Hamelin Treats Seattle to a Cheery Shostakovich and Dolorous Schnittke

by on February 1, 2012

Marc-André Hamelin

It’s rare to have an entire concert of 20th-century Russian chamber music, and thanks go to the Seattle Symphony musicians and pianist Marc-André Hamelin, who put together the program of Shostakovich and Schnittke works performed last Friday night at Nordstrom Recital Hall.

Shostakovich’s Piano Quintet, Op. 57, may be in a minor key, but it’s one of the most cheerful chamber works the composer wrote. The ominous undercurrents which are rarely distant from his other works are absent here, and it can be enjoyed for just what it is, a well-designed, substantive work, full of melody.

Violinists Elisa Barston and guest violinist Natasha Bazhanov, violist Mara Gearman, and cellist Walter Gray, with Hamelin, caught the detail and the feelings which are widely different in succeeding movements: the first almost fantasia-like; the second with a haunting opening phrase (reminiscent of “Nahandove,” one of Ravel’s Chansons Madecasse); the third, a Scherzo, almost circus music, jaunty but with a hint of the macabre; and the fourth bright and peaceful though with what might be heard as a tolling bell.

Each of the strings players had moments of gorgeous tone, unpushed and warm, quiet and tender, while Hamelin, who could hardly have had more than one rehearsal, played as though he’d been with them for years.

Alfred Schnittke

Alfred Schnittke’s Piano Quintet, completed about 35 years after the previous quintet, is a very different work.
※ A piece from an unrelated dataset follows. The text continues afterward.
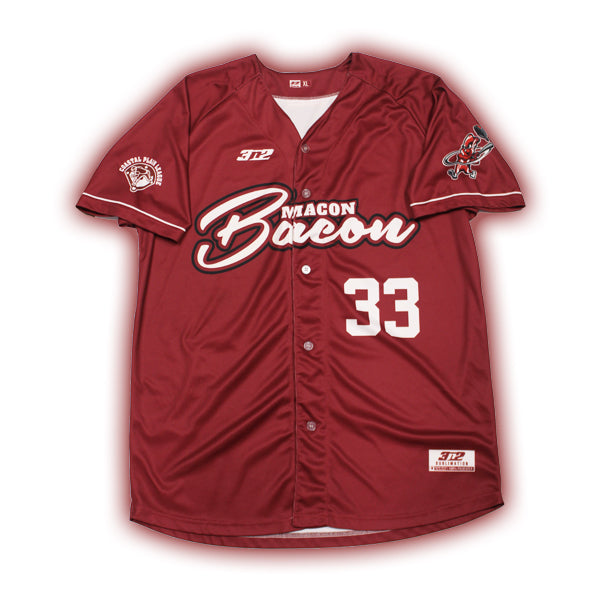 YOUTH Custom Authentic Alternate Maroon Jersey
This is full of sadness, as Schnittke mourned the death of his mother and then the death of Shostakovich. It’s not an easy work to assimilate, the atonal music having little by way of melody or comfortable harmonies. Violinist Mikhail Shmidt had worked with the composer in Moscow and described him as a modest, shy man who thought others’ music better than his own.

The piano role is spare. Every note counts, rather like the musical equivalent of a drawing by artist Paul Klee, and several times Schnittke includes an insistent repeated note which continues for some time.

Most notably in the first movement, this is at the top of the piano and struck so that it is more percussion than tone for most of its repetition, only towards the end becoming more gentle and singing. The strings meanwhile play in dissonant harmony in long notes which sound something like a hive of bees, and in the second movement a slightly bizarre waltz creeps in. Only by listening carefully does one discern the subtleties Schnittke has embedded in the music throughout.

And by watching. At the end of the first movement as the music became quieter and quieter, with only the piano remaining, Hamelin’s hands came off the keys and one could see his fingers moving above them in total silence. An unfortunate burst of clapping marred that hushed, unusual ending, from a part of the hall where the hands could not be seen. Shmidt and Hamelin were joined by violinist Artur Girsky, violist Sayaka Kokubo, and cellist Meeka Quan DiLorenzo in a performance given enthhusastic applause at the end.

First and shortest of the evening was another work impelled by grief. At eighteen, Shostakovich wrote this Prelude and later a companion Scherzo, for string octet, after the death of a friend. They are astonishing works for a teenager, harmonically sophisticated, intense, frenzied, eerie and grim, each part resolving only towards the end, expressing the anger towards death of a young man. The eight string players together gave it a strong performance.